Не до того было. Имели забот полон рот в связи с внутренним положением. В первую очередь нас беспокоило состояние сельского хозяйства. Хлеба и мяса не хватало, масла просто не было. Да и развитие промышленности нельзя было сбрасывать со счетов. Ведь без дальнейшей индустриализации страны мы обрекали себя на отсталость и в экономическом, и в военном отношении. К счастью, советский народ-труженик понимал обстановку и поддерживал внешнюю и внутреннюю политику КПСС.
Военно-Морские Силы
Свое первое настоящее вмешательство в военные дела я датирую 1954 годом, когда, возвращаясь из поездки в Китай, наша делегация прибыла во Владивосток. По дороге мы посетили Порт-Артур. Нас просто тянуло туда. Может, в этом проявилась даже некоторая обывательская струнка. Мы в свое время, еще в детстве, столько наслышались о войне с Японией, о Порт-Артуре, о сопротивлении наших войск. Конечно, нам хотелось посмотреть своими глазами. Мы сказали о своем желании посетить Порт-Артур Мао Цзэдуну. Мао Цзэдун сразу согласился.
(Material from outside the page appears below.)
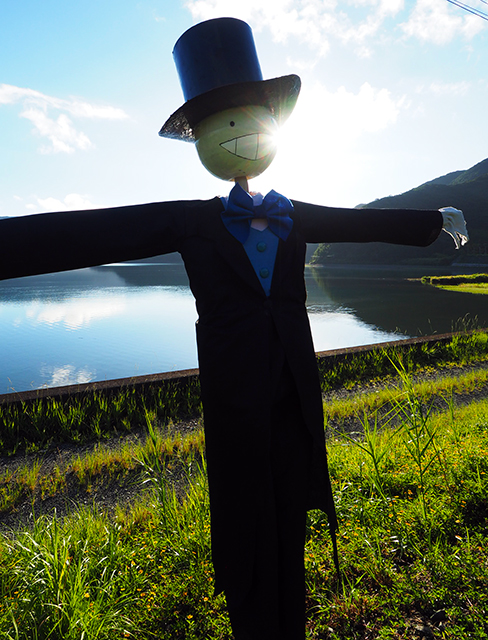 ハウル かかしのカブ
Порт-Артур на меня произвел совсем не то впечатление, которое у меня сложилось под влиянием литературы. Никаких особых укреплений там я не увидел. Не знаю, может быть, время другое, крепости утратили свое значение. Я был несколько разочарован. Мы, конечно, осмотрели бухту Порт-Артура, где во время Русско-японской войны в 1904 году погиб русский флот, 1-я Дальневосточная эскадра. Тогда эсминцы Японии прорвались в бухту и потопили наши корабли. Стоянка кораблей в Порт-Артуре соответствовала требованиям начала века и давала возможность хорошо защищать входы в нее. Поэтому это был результат ротозейства. Там погиб крупнейший военный инженер и флотоводец Макаров.
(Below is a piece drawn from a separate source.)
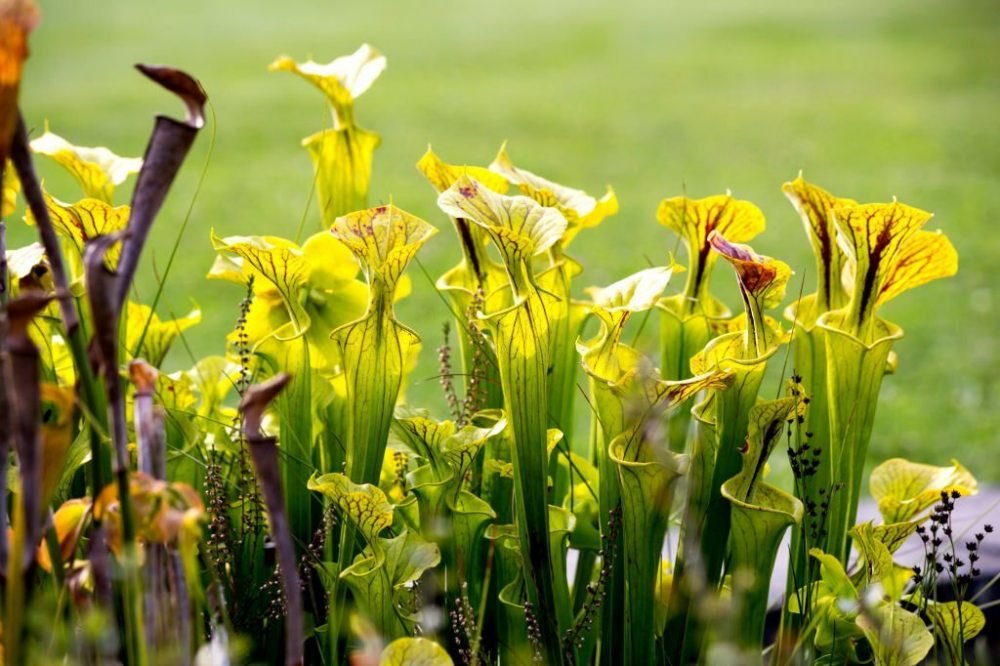 Yellow Pitcher Plant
По-моему, мы прибыли в Порт-Артур поездом. Мы хотели побольше видеть, хотя бы из окна вагона. Часть пути мы ехали на машинах, потом садились в вагоны, выходили и снова садились в машины. Останавливались. Одним словом, мы хотели получить больше впечатлений от Маньчжурии.
Затем мы прибыли во Владивосток. Там мы хотели ознакомиться с состоянием Тихоокеанского флота и заслушать командующего Дальневосточным военным округом о готовности к обороне Владивостока, если там вспыхнут военные действия. Округом на Дальнем Востоке тогда командовал Малиновский. Позвонили в Москву, чтобы во Владивосток прибыл адмирал Кузнецов, заместитель министра обороны СССР. Его вернули из опалы. Он был наказан Сталиным и понижен в звании. Мы считали это несправедливым, Кузнецов пострадал по сталинскому произволу.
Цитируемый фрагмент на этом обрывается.